Ein Stoiberjäger mit Jagdschein

Der Waffenlobbyist Schreiber wird seit Jahren von Staatsanwälten verfolgt. Das hinderte das Landratsamt Landsberg nicht, jahrelang seinen Jagdschein zu erneuern. Erst jetzt wurde nicht mehr verlängert. „Geistige Masturbation“, motzt Schreiber da

AUS MÜNCHEN MICHAEL STILLER

Hinter dem Satan, der Landrätin Gabriele Pauli und den Fußballern von Werder Bremen kommt im stoiberhörigen Bayern auf der Liste der Hassgestalten gleich der Waffenlobbyist Karlheinz Schreiber. Ein Jahrzehnt lang hat der frühere Teppichverkäufer, Boxer, Fahrbahnmarkierer und Strauß-Spezi den CSU-Oberen schlaflose Nächte bereitet. Seit nunmehr sieben Jahren wehrt sich der Flüchtling, der die CDU mit einem Schmiergeld-Film überzog, das Ende von Helmut Kohl beschleunigte und Wolfgang Schäuble einen Karriereknick verpasste, in Kanada mit juristischen Kniffen gegen seine Auslieferung nach Bayern.

Nicht wenige hofften, dass Schreiber nie als Angeklagter vor dem Augsburger Landgericht für Unruhe sorgt. Denn von Kanada aus hatte er verkündet, er habe auch die CSU, der er bis zu seinem Rauswurf angehörte, ordentlich geölt. Die Geschichte ist zwar unbewiesen, aber immerhin hatte Schreiber gedroht, er werde den Noch-Regierungschef Edmund Stoiber „so tief fallen lassen, dass man seinen Aufprall nicht mehr hört“. Es waren Sprüche, denen nichts folgte, Stoiber wurde von einer Landrätin abserviert, nicht von Schreiber.

Aber der Bayer ist gelegentlich unerwartet liberal, zumindest im Sinn der Kurzfassung des CSU-Grundsatzprogramms, das da lautet: „Liberal samma schon, aber ned blöd.“ Blöd ist freilich, was jetzt herauskam: Der seit 1999 zur Festnahme ausgeschriebene Schreiber durfte in all der Zeit, als ihn Zielfahnder und Staatsanwälte jagten, mit dem Segen einer bayerischen Behörde schwer bewaffnet sein.

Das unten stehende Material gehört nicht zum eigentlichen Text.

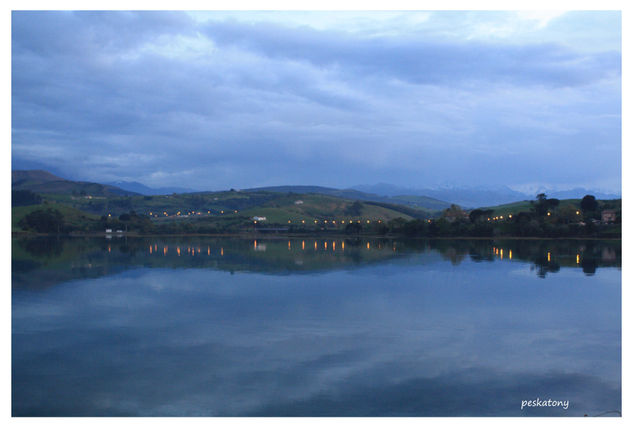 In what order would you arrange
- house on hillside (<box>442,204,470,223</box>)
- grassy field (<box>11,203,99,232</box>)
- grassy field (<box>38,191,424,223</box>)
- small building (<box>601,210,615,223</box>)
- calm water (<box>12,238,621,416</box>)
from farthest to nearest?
grassy field (<box>38,191,424,223</box>)
house on hillside (<box>442,204,470,223</box>)
grassy field (<box>11,203,99,232</box>)
small building (<box>601,210,615,223</box>)
calm water (<box>12,238,621,416</box>)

Alle drei Jahre hat ihm das Landratsamt Landsberg anstandslos den Jagdschein und damit die Waffenbesitzkarte verlängert.

Sie berechtigt den passionierten Jäger zum Besitz von Langwaffen, zwei Pistolen und Munition. Jetzt erst will das Landratsamt entdeckt haben, dass gegen den Mann, der jahrelang im Fernsehen zu besichtigen war, etwas vorliegt. Die Entscheidung über eine weitere Verlängerung wird bis zum rechtskräftigen Abschluss der Ermittlungen auf Eis gelegt, seine Waffen darf Schreiber nicht mehr führen.

Dass die Geschichte öffentlich wurde, hält Schreiber für typisch. Er vermutet dahinter die Staatsanwaltschaft und warf ihr in der Bayerischen Staatszeitung „provinzielle Enge und geistige Masturbation mit einhergehender Frustration“ vor. „Ich habe nicht vor, mich bis an die Zähne zu bewaffnen, da ich nach der unsinnigen Ansicht der Augsburger Justiz ohnehin auf schweres Kriegsgerät, vor allem Panzer, Zugriff habe“, spottete der Panzer- und Flugzeugmakler.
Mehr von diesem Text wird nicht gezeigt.